▸ What is needed:
The output is the line holding "this 1000×563 image." and all lines after it to the end of the records below; restate them unchanged and add nothing.

▸ Dataset excerpts:
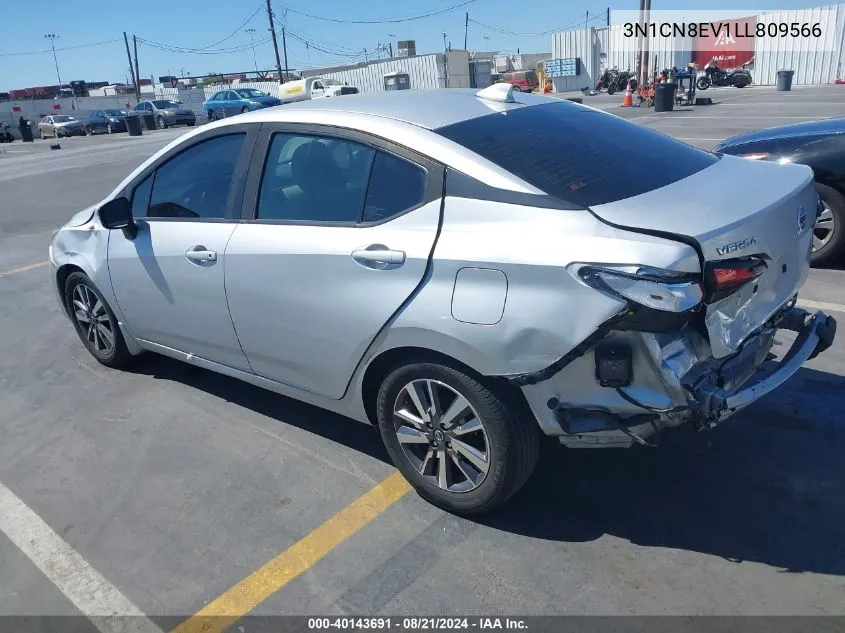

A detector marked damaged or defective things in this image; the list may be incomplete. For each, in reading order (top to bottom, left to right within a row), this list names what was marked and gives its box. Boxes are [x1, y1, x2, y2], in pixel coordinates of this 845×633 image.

broken taillight lens [704, 256, 764, 302]
damaged rear bumper [512, 304, 836, 444]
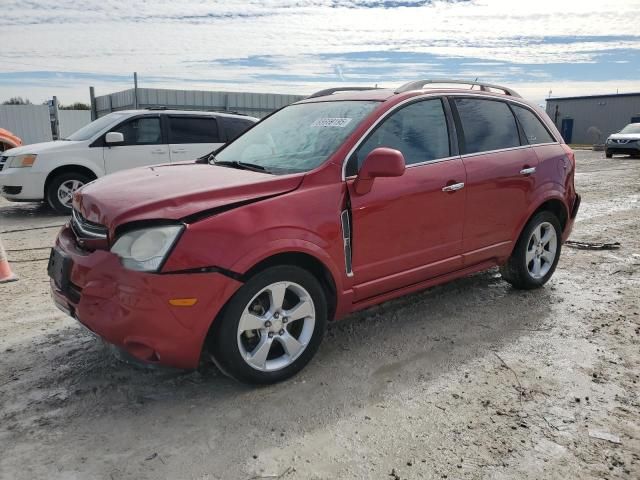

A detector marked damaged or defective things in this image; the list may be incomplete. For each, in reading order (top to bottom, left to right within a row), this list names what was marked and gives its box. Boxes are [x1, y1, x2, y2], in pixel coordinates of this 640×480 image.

crumpled front bumper [50, 224, 242, 368]
damaged red suv [48, 80, 580, 384]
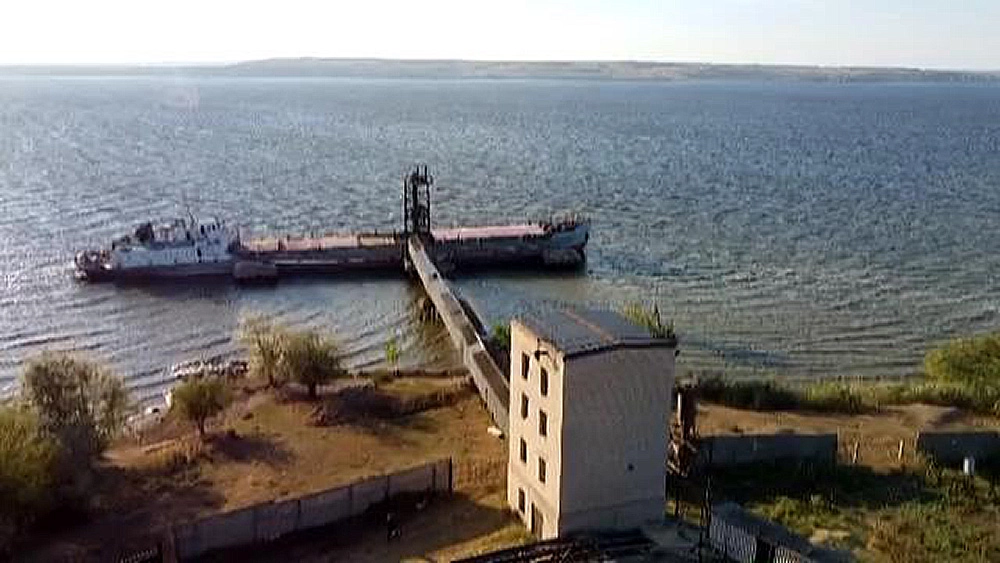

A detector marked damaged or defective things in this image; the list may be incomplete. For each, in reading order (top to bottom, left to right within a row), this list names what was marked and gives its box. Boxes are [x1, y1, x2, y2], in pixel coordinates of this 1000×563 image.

rusty cargo barge [80, 166, 592, 282]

▸ Output for this task:
A detector marked damaged or defective things in this image; the list may be incomplete. For each, in reading order (top to bottom, left to right within a row), this list names what was marked and gives its box. Boxes are [x1, y1, x2, y2], in pixel coordinates of this 1000×563 image.

rusty cargo barge [80, 166, 592, 282]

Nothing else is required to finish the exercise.